Here’s one for the legal and political hall of the weird: a secret decision by the Ombudsman.
We now know that back in 2019, then-Ombudsman Samuel Martires quietly reversed a ruling by his predecessor, Conchita Carpio-Morales, which had ordered the dismissal of Senator Joel Villanueva for his role in the PDAF scam.
That’s right, there was apparently another twist to the scandal that sent Janet Napoles to jail — one that was conveniently kept under wraps for years.
A “secret” Ombudsman decision is, to put it mildly, not normal. The Constitution explicitly directs the Ombudsman to publicize matters covered by its investigations when circumstances so warrant and with due prudence.
Reversing a judgment that found a sitting senator guilty of graft isn’t some minor procedural hiccup barely worthy of notice or comment. It is a major act of public consequence — the kind of thing we the people absolutely have a right to know. The fact that it took six years and a change in leadership before anyone found out speaks volumes about how warped our idea of “accountability” has become.
Even the new Ombudsman Boying Remulla, who only recently discovered this hidden ruling, reportedly had no clue it existed. Imagine being the country’s chief graft-buster and finding out that your office, under your predecessor, secretly absolved a senator of corruption without telling the public. If that doesn’t set off alarm bells, what will?
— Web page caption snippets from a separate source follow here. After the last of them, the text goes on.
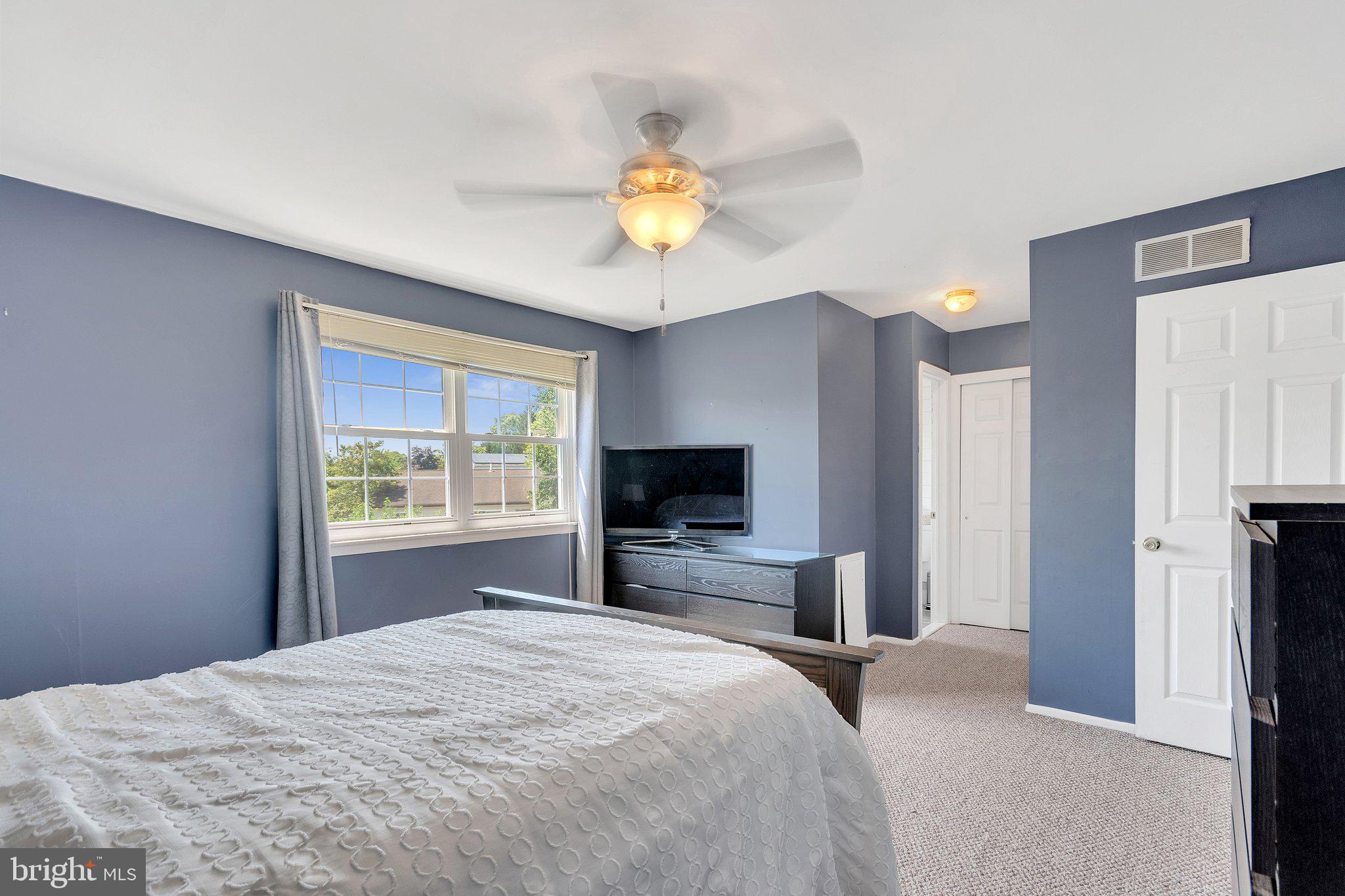 36 Hartford Road Sewell, NJ 08080 - Photo 13 of 23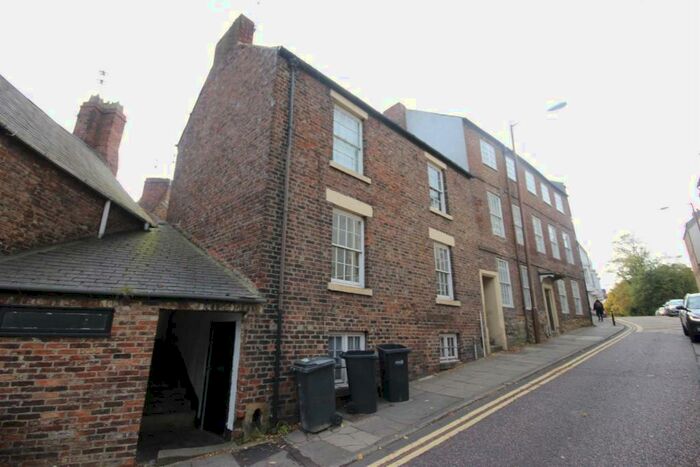 5 Bedroom Private Hall To Rent In Church Street, Durham City, DH1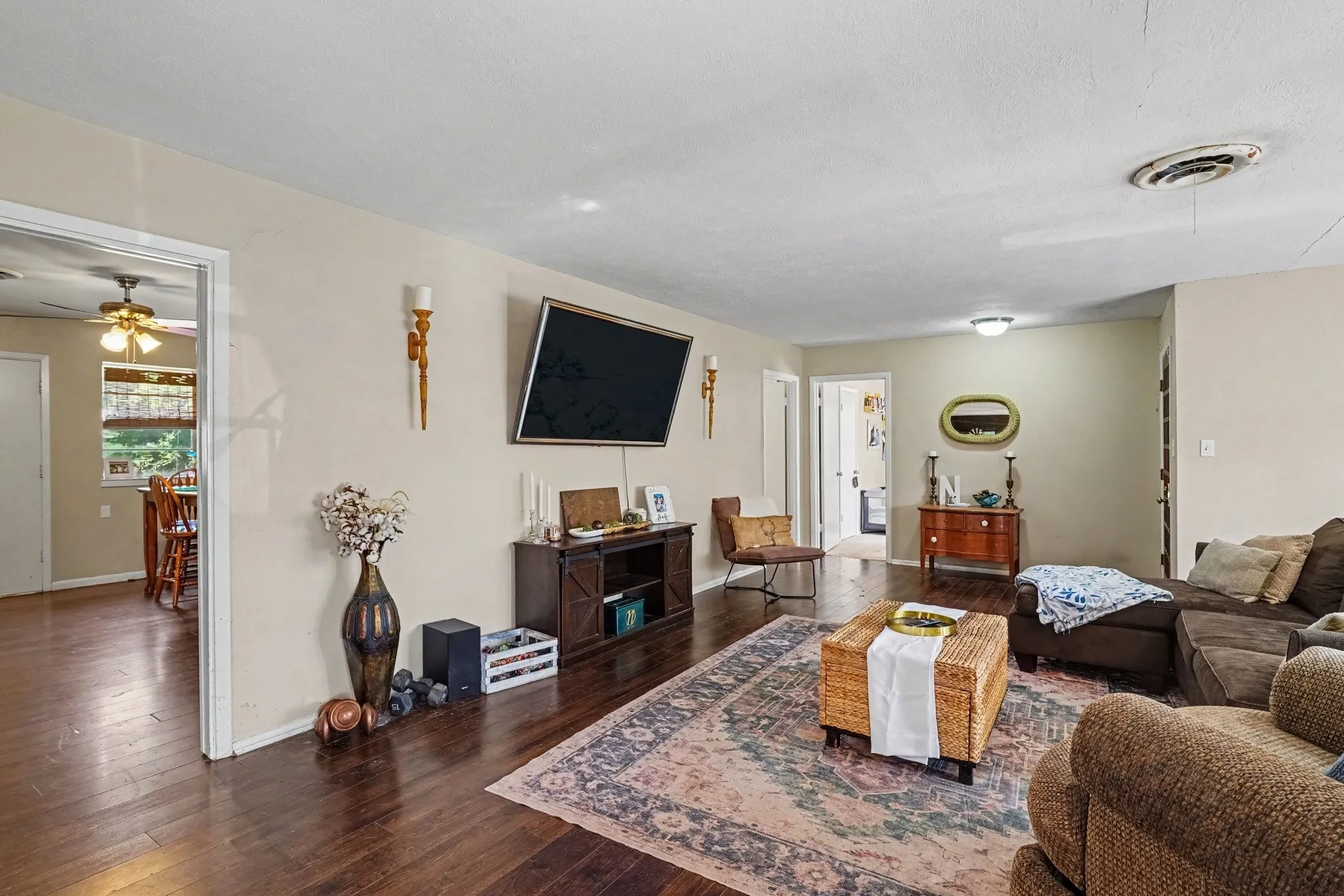 Single Family Residence For Sale in Tarrant County , 1553 Montclair Drive, Fort Worth, Texas 76103, 2 Bedroom, 2 Bathroom, 2 Garage spaces, 1,521 Sqft, built in 1960, Price $259,000, mls#21356831, Real Estate Agent in Fort Worth, Homes For Sale in Tarrant county, Homes For Sale in Fort Worth, Realtor in Fort Worth Texas, Real Estate Brokerage Independent Realty Texas, Luminita Cordes Realtor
And then there’s Villanueva himself. If you were an elected official accused of corruption and you were cleared by the Ombudsman, wouldn’t you shout it from the rooftops? Call a press conference? Maybe tweet about vindication and justice finally being served? Instead, for six long years he said nothing. Not a word. Only when Remulla mentioned the possibility of reviving the original Morales order did he suddenly speak up, confirming that, yes, there had been a reversal all along.
Why the silence? Why the secrecy? Either the Ombudsman at the time didn’t think the public deserved to know, or the senator found it more convenient to keep his exoneration tucked away; perhaps worried that questions might follow about how exactly the reversal happened.
Whatever the reason, it’s a bad look for both.
The Ombudsman isn’t just another agency; it’s supposed to be the guardian of integrity in public service. It doesn’t only prosecute corruption, it’s meant to promote transparency and earn the public trust. A “secret” decision that lets a powerful official off the hook does the exact opposite. It undermines confidence in the institution, and worse, it suggests that accountability depends less on actual guilt or innocence and more on who happens to be holding the pen of judgment.
If we’re serious about rebuilding trust, this kind of cloak-and-dagger “justice” has to stop. No matter how you spin it, justice done in secret isn’t justice at all. Hopefully, our new Ombudsman will take to heart the adage that “sunlight is the best disinfectant” and truly champion the transparency his predecessor was seemingly allergic to.